I keep getting this mantra about Chinese coolies in rags and working on dirt floors undercutting Australian workers conditions.

The reality is that most Chinese factories are far more modern than anything Australian and they are filled with the latest high tech gear operated by very well educated Chinese. That is the source of their cost competitiveness.

Every company I have seen calling for "fair" trade is invariably badly managed with a history of under investment in technology and people.

To put that another way, we both know that if Qantas was competently managed, invested in its people instead of outsourcing and operated a better fleet (B777, B787 for example) it could command a premium in the marketplace as it once did.

To put that yet another way, back in the 1970's and early 80's there was nothing I liked better than boarding a Qantas B747 at LHR, FRA, etc. hearing a happy Australian accent from the crew and being handed a VB without having to ask, however that level of service is now gone.


As for selling Jetstar, yes, Qantas would find the same expereince as BA sell for chickenfeed and watch the buyer make a killing. It's a very common occurence because it is axiomatic in business that a Board and senior management can only be good at running ONE business.
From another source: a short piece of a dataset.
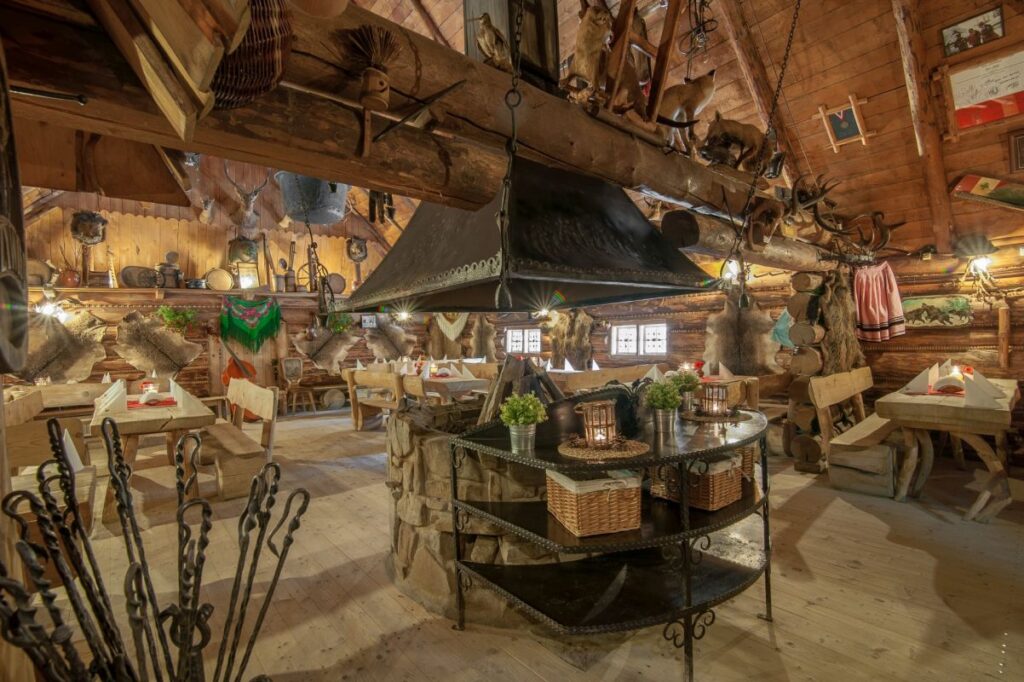 Wnętrze karczmy z paleniskiem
That is why the "Qantas Group" is such a lousy rotten unmanageable structure - the whole is less than the sum of its parts. The Board and management is constantly being forced to divide its time between Jetstar, Qantas International, Qantas Domestic, Qantas Link, Jetstar Asia, Jetstar Japan, etc., etc. Thus NONE of the businesses get the time and mature consideration each one deserves.

We learned in business economics 101 that this is why conglomerates always fail - their share price is always less than the broken up asset value of the businesses.

If the Qantas Board really believed that a Low cost carrier was needed, they should have invested in the floating of a seperate public company - with its own Board and investors, that was totally at arms length.